After modest improvement in vacancies and rents in 2012, the research firm expects the trend to continue in 2013, said Reis senior economist Ryan Severino.
“Until the economy and the labor market start to pick up more, there’s not a strong catalyst to generate demand for more retail space.”
Employers added a modest 155,000 jobs in December and the unemployment rate held steady at 7.8 percent, the government said on Friday.
In the fourth quarter, vacancies at U.S. regional malls declined for the fifth consecutive quarter to 8.6 percent from 8.7 percent in the third quarter. Asking rents grew by 0.2 percent in the fourth quarter from the third quarter.
Within the sector, class A malls with luxury retailers catering to affluent customers continued to boast lower vacancies and command higher rents than malls with more mainstream tenants, Severino said.
“What’s happening is the class A malls are raising the performance of the entire sector,” he said.
Vacancies in strip malls declined to 10.7 percent from 10.8 percent in the third quarter.

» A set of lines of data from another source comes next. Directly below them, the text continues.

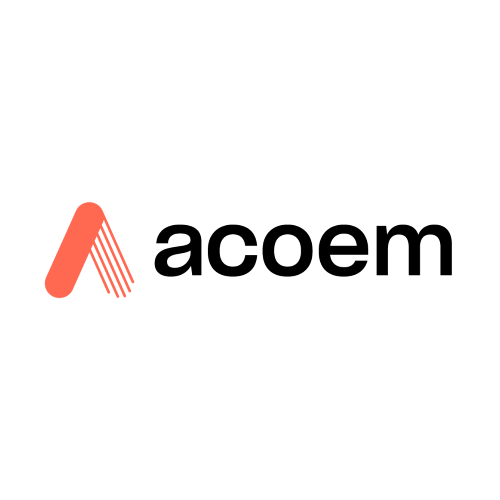 ACOEM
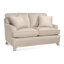 Oaks Way Loveseat-315123719-315123921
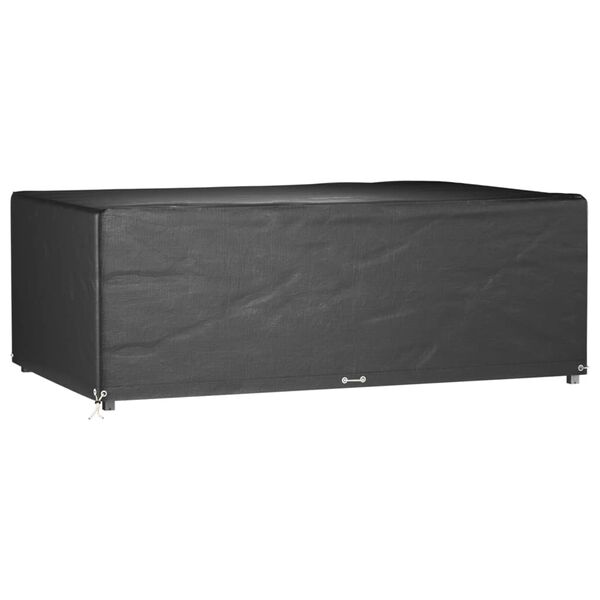 Viser produktbillede 3 af 10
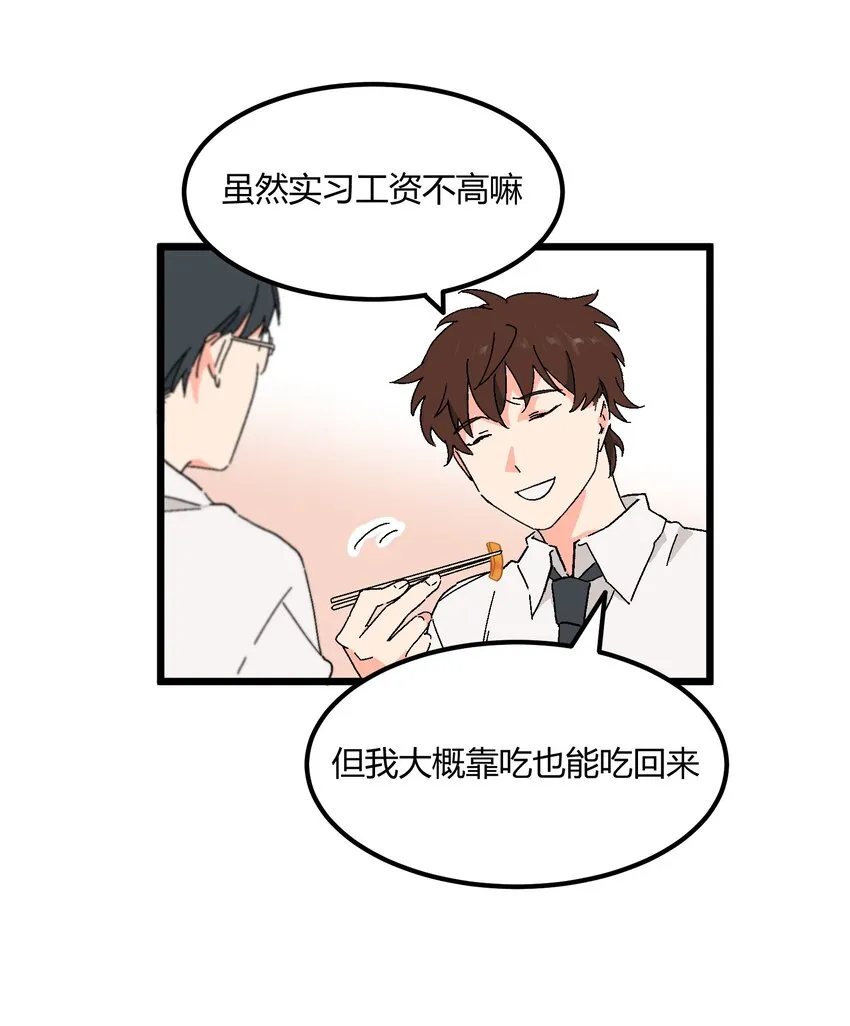 第44章 来到你身边 第20页
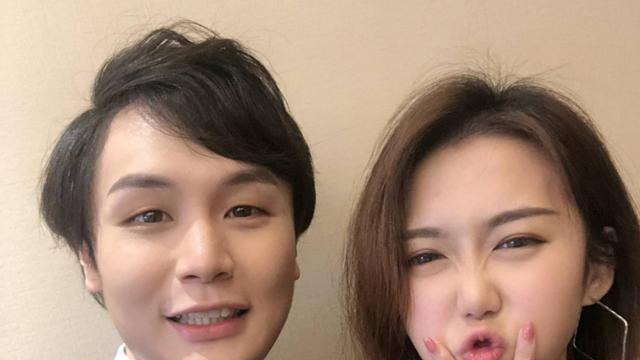 李俊毅|广东明星“康天庥”李俊毅，如何将一手好牌打烂的！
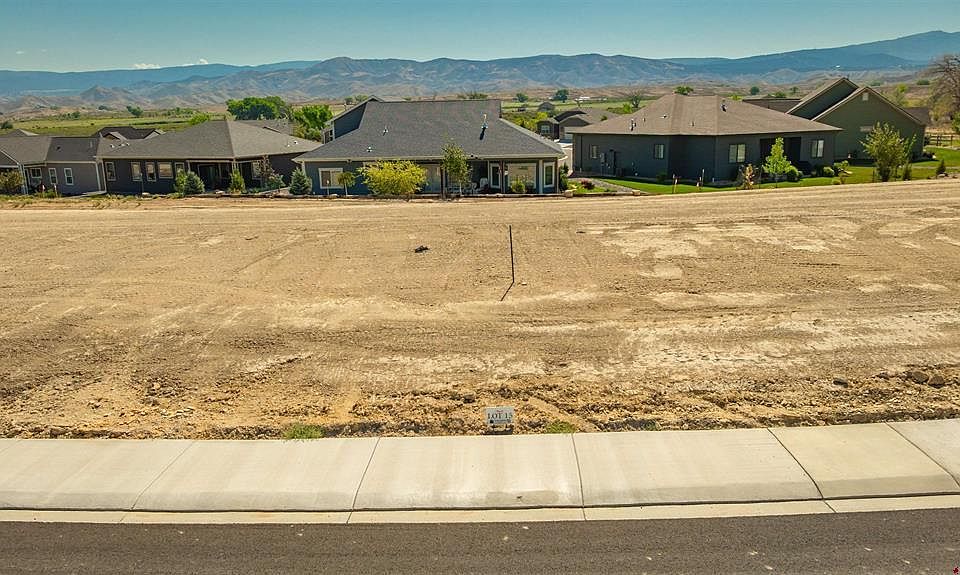 1st image of Lot C15 Chestnut Drive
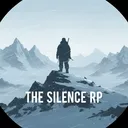 The Silence RP / Semi-Organic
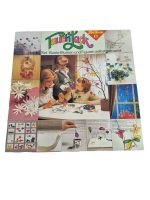 PELIKAN Tauch Lack Hobby Set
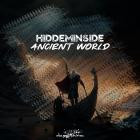 Hiddeminside - Ancient World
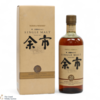 Nikka - 20 Year Old - Yoichi - Single Malt Thumbnail
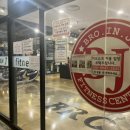 브로인제이 | 브로인제이 경산점 한달 이용 후기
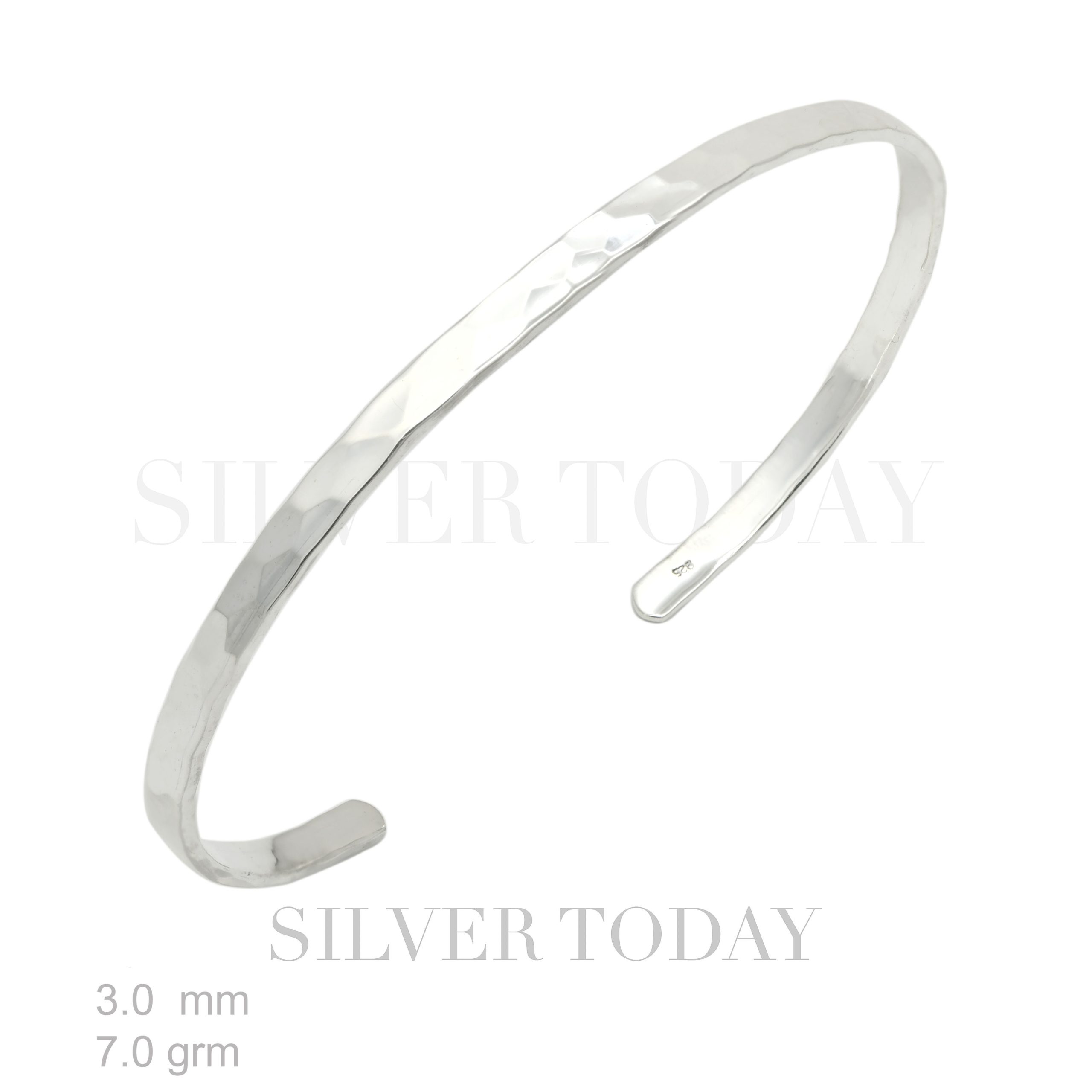 GCP09F03-1 GCP09F03-1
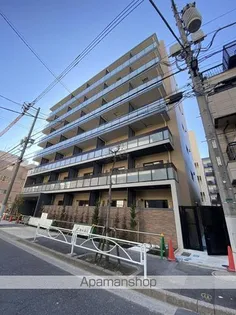 ウエサカ ステューディオの画像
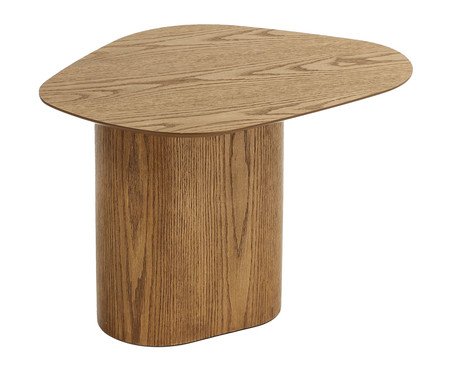 Mesa de Centro Hohen Amêndoa II | Westwing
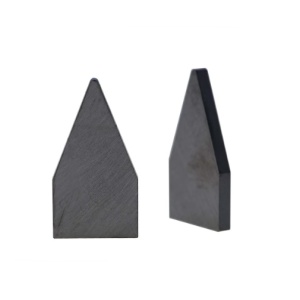 Set 2 Lame de schimb pentru Ascutitor Mare Victorinox 7.8715.03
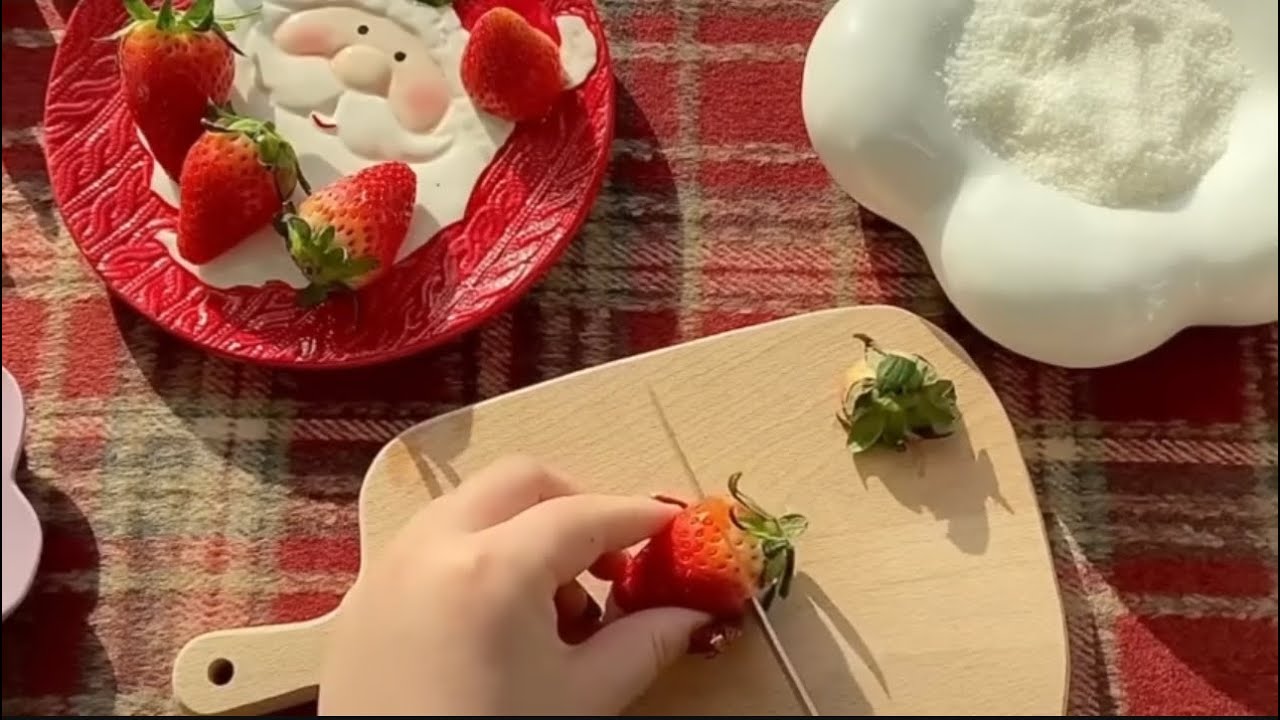 زوجوونا لبعض بالعْصب وصرخ عليه وقالي لااتنامي بالغر فه💖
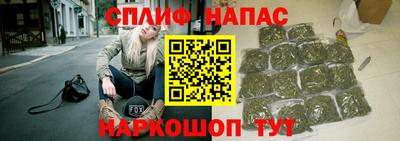 ПСИЛОЦИБИНОВЫЕ ГРИБЫ Кандалакша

The slight decrease was an improvement from the third quarter when the vacancy rate was flat from the previous quarter.
Still, three-plus years after the recession, the vacancy rate for strip malls is barely below the all-time high of 11.1 percent set in 1990 and the third quarter of 2011, according to Reis.
Asking rents for strip malls increased 0.2 percent from the third quarter. It was the fifth straight quarter that rents increased, according to Reis.